There is a discrepancy on this point, says Hicks. “The ARTF did ask me what I was here for, and I told them the truth. They had no problem with letting a violent person help them out.”
Todd Kamenash, assistant director of Judicial Affairs, says it’s not impossible that a student with behavioral problems or violent tendencies could slip by. “Generally, students who commit acts of violence are not given community service as a sanction, they may have mandated counseling and/or anger management counseling,” says Kamenash. However, the student is responsible for being honest about their offense. “If a student chooses a site like the ARTF, the community service facilitator will ask them if they committed an act of violence that led to the sanction. The student is also told that the ARTF may screen students and will likely ask them the same thing.”
A training session begins every student’s work experience with ARTF. Everyone who works for the ARTF must go through a mandatory two-hour training session. At this training, students learn information and statistics about rape and other safety issues. Though the group focuses on rape prevention, the staff also learns about other types of violent crimes.
Still, according to one anonymous ARTF safety walker, “They gave background information on rape… not any walking techniques or self defense.” If he had this training, he felt, it would make him feel more comfortable when walking students. “If I was in that situation, I wouldn’t know what to do.”
Tim Higgins, a junior history major, is serving the ARTF for the second time. He agrees that he didn’t feel very well prepared. When asked what he would do if a situation arose, he responded “I would hit them with my Maglite.”
It seemed that the safety walkers on duty viewed their positions to be characteristic of vigilante justice. ARTF, however, is a chaperone program that relies on strength in numbers rather than physical violence.
Sasha McGarvey, assistant director of SBI Health Education, says volunteer numbers fluctuate. “I would say [there are] about five consistent for walk stations, more for vans.” Fischer noted that the lack of help and support from the student body is one of the reasons why they only offer walks five days a week.
To add to the difficulty of limited hours, there is always a chance that the walks will not be offered if volunteers and students required to do community service fail to show up. While the ARTF walkers have to fill their required hours from judicial affairs in the selected time period, there is no punishment for absence. “On the night of the Super Bowl, we didn’t have it because no one showed up,” Fischer says.

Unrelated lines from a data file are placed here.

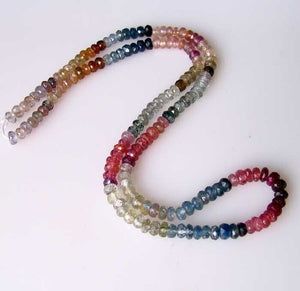 73cts (Approx. 148 Beads) Fancy Natural Sapphire Faceted Bead Strand 100485C - PremiumBead Primary Image 1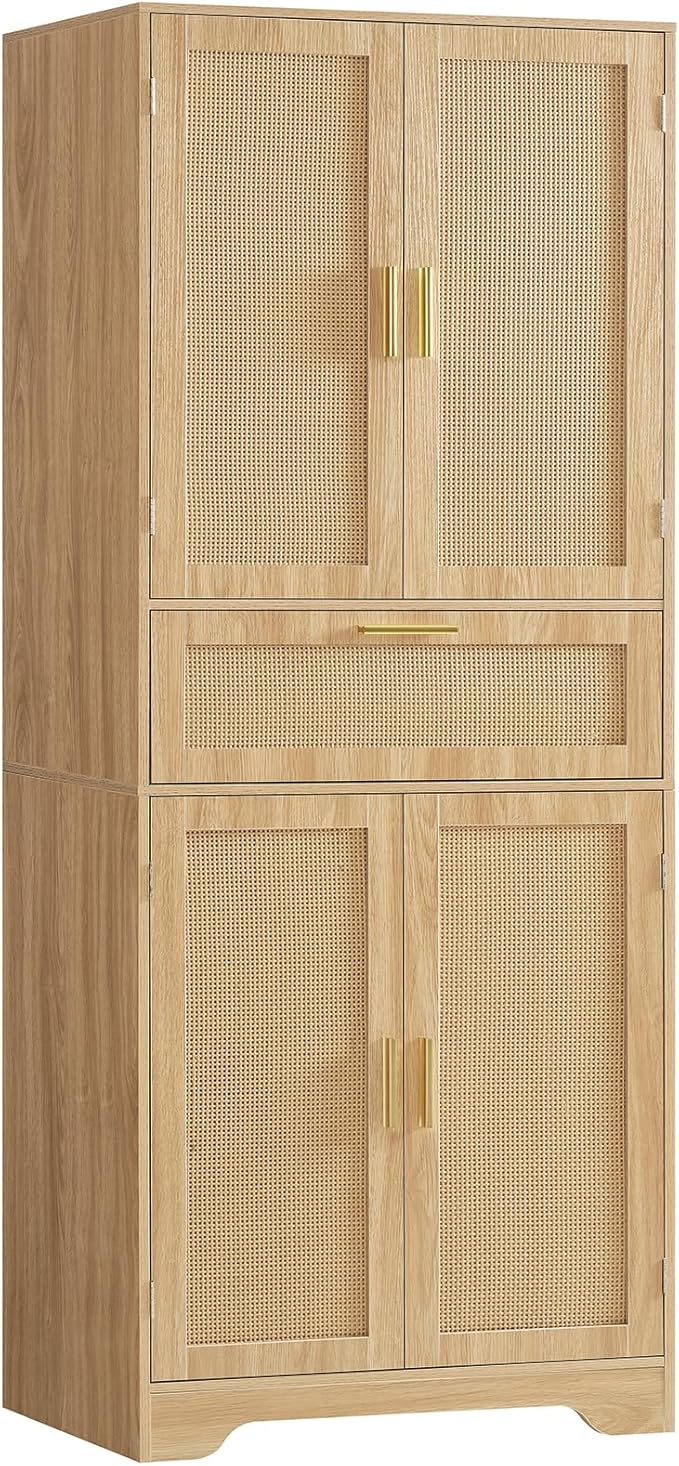 H Tall Storage Cabinet, Pantry Cabinet with 1 Large Drawer & 2 Adjustable Shelves,Tall Cabinet, Freestanding Cupboard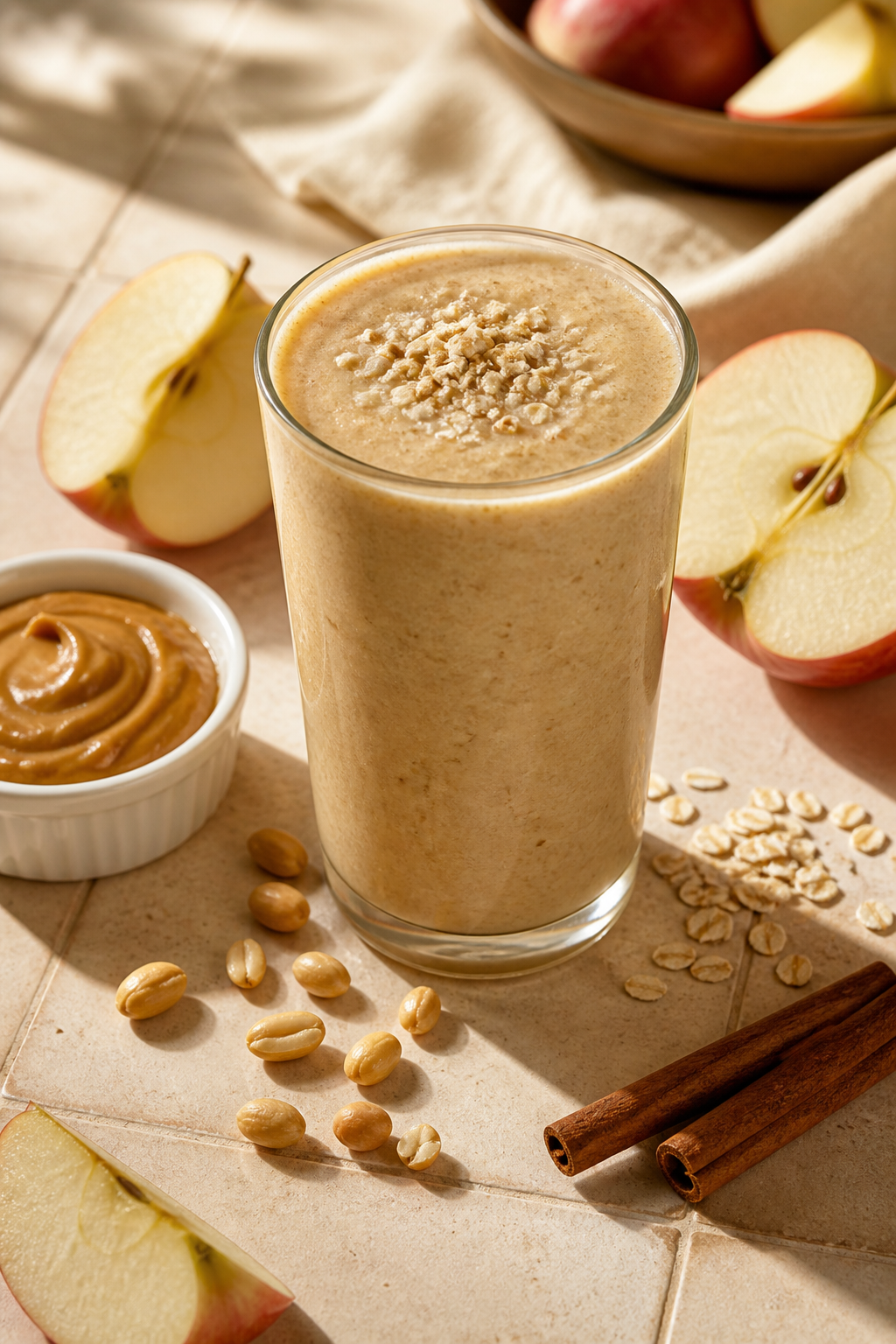 Apple Peanut Butter Smoothie for Breakfast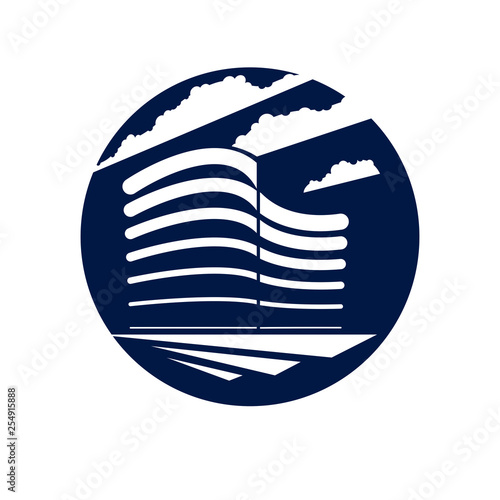 Office building round shape icon or logo, modern architecture vector illustration. Real estate realty business center design. 3D futuristic facade in big city.
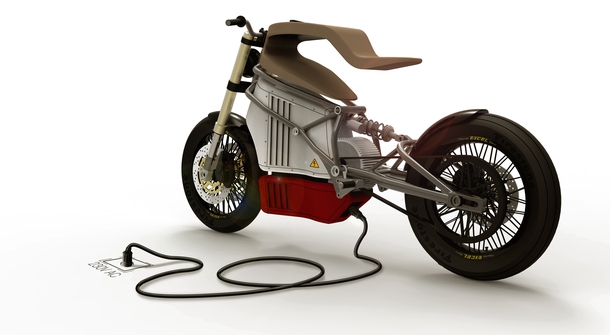 An electric motorcycle with a wooden saddle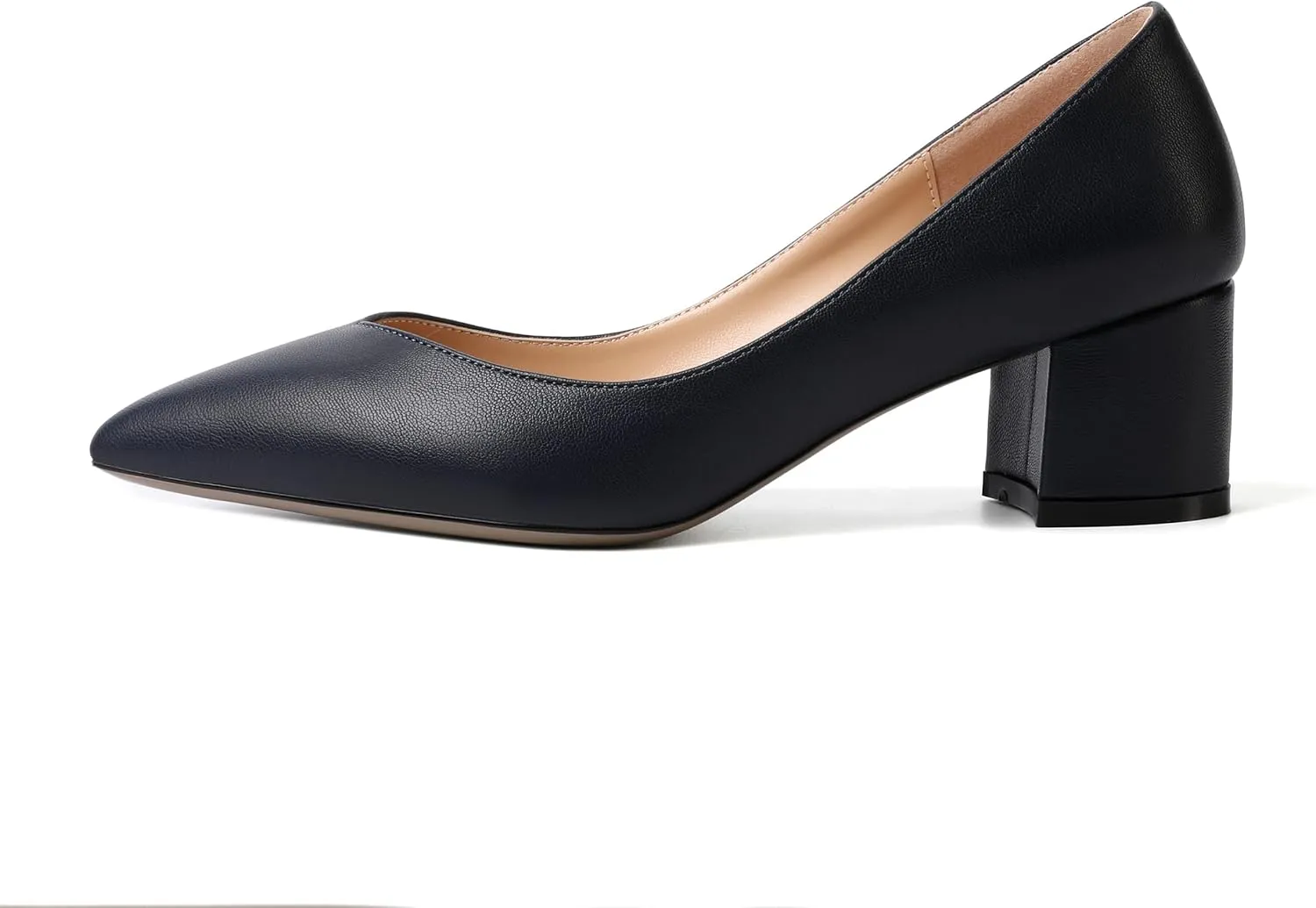 MOVINSTEPS Womens Pointed Toe Slip On Dress Dating Chunky Low Heel Pumps Shoes 2 Inch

Though there will always be a stream of students assigned to community service, the program cannot rely on those people alone. Some feel that the current students are not given the proper materials and preparation needed to allow them perform their jobs at a comfortable level. This increase in training cannot be done by the ARTF alone, and it is crucial that students volunteer and get involved in a valuable service that helps improve campus safety.
Hicks admits that if he did not have to do it for community service, he would not volunteer. “I will never ever volunteer for anti-rape unless there is cash money,” he says.
Students are aware of the ARTF, though, and even if they do not use it, they seem to understand the importance of a service that helps provide campus safety. Since the ARTF does not have the funding to hire a full-time staff, they depend on student involvement. Fischer adds that student organizations, fraternities, sororities, and athletic teams would all be welcome volunteers. Plus, she adds, it might even be fun.
“We believe that this service can exist on volunteers. We encourage people to give back to their college community,” says Fischer.